Wilson's younger sister, Nancy, joined Heart, and the band moved to Canada. Heart recorded their first album Dreamboat Annie in Vancouver in 1975. It was released in the United States in 1976, with "Magic Man" becoming Heart's first Top 10 hit in the United States, peaking at No. 9 on the Billboard Hot 100, and "Crazy on You" hitting number 35. Both songs were co-written by Ann and Nancy Wilson. In 1977, Little Queen was released, and in 1978, Dog & Butterfly. In 1986, "These Dreams" rose to No. 1 on the Billboard Hot 100. In 1992, Wilson appeared on Alice in Chains' EP Sap; she sang on "Brother" and "Am I Inside".

The Wilson sisters started a recording studio, Bad Animals, in Seattle in the mid-1980s. They formed a side band, the Lovemongers, which performed Led Zeppelin's song "The Battle of Evermore" on the 1992 soundtrack to the Cameron Crowe (Nancy's then husband) movie Singles, and later released a four-song EP. The Lovemongers' debut album Whirlygig was released in 1997.

Wilson joined producer Alan Parsons in A Walk Down Abbey Road, the 2001 live tribute tour to Beatles music.

Wilson's first solo album, Hope & Glory, was released on September 11, 2007. Hope & Glory features guest appearances from Elton John, k.d. lang, Alison Krauss, Gretchen Wilson, Shawn Colvin, Rufus Wainwright, Wynonna Judd, and Deana Carter. Nancy Wilson also contributed. Three singles were released from the project: "Little Problems, Little Lies", "Isolation", and a cover of Led Zeppelin's "Immigrant Song."

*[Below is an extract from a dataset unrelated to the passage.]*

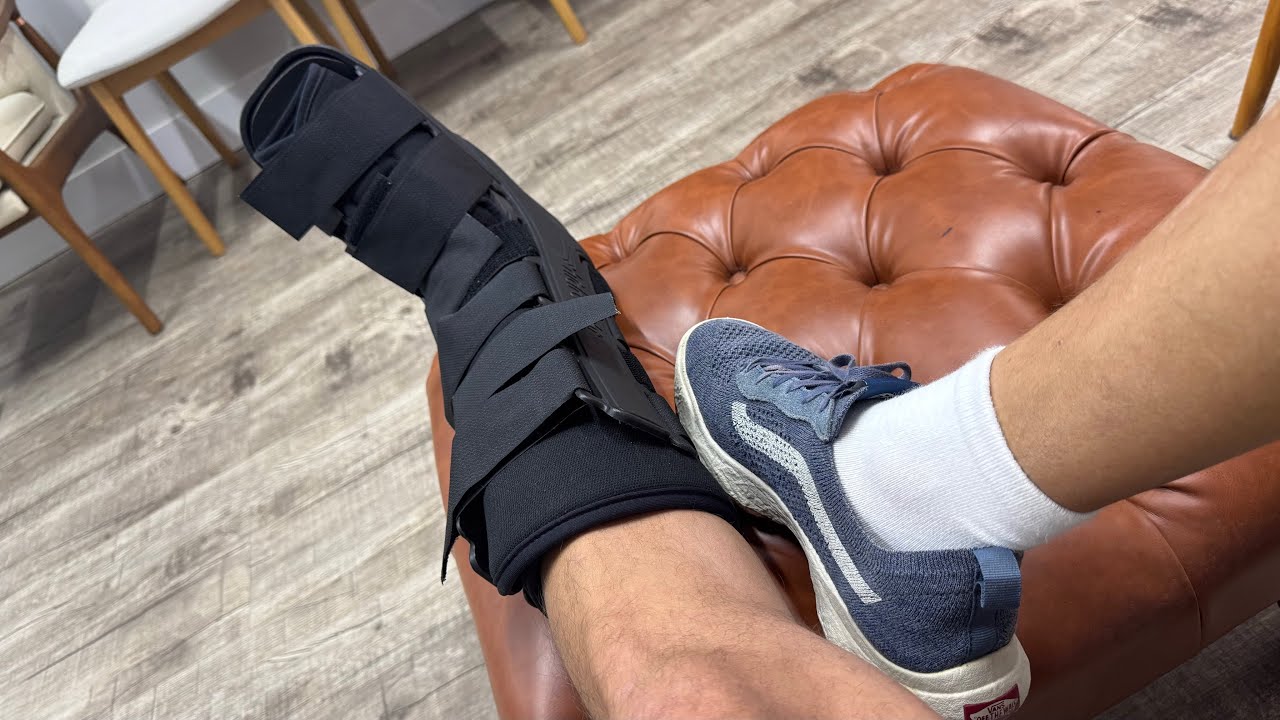 RECUPERAÇÃO APÓS CIRURGIA TENDÃO DE AQUILES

On November 22, 2012, Wilson sang an original arrangement of "The Star-Spangled Banner", accompanied by the Dallas Symphony Orchestra, at the beginning of the Thanksgiving Day football game between the Dallas Cowboys and Washington Redskins.

The Wilson sisters performed at the Kennedy Center tribute to Led Zeppelin on December 2, 2012. Present at the event were the three living members of Led Zeppelin, Robert Plant, Jimmy Page and John Paul Jones. The Wilsons performed "Stairway To Heaven", backed by an orchestra and choir, and featuring drummer Jason Bonham, son of the late Led Zeppelin drummer, John Bonham.

On July 13, 2015, Wilson announced a solo tour, The Ann Wilson Thing, which began on September 21. She released her first EP, The Ann Wilson Thing! – #1, digitally on September 18, 2015. On July 22, 2016, Wilson announced the release of focus, the second EP from The Ann Wilson Thing! Wilson played a Florida mini-tour in September 2016 as The Ann Wilson Thing! in support of this release.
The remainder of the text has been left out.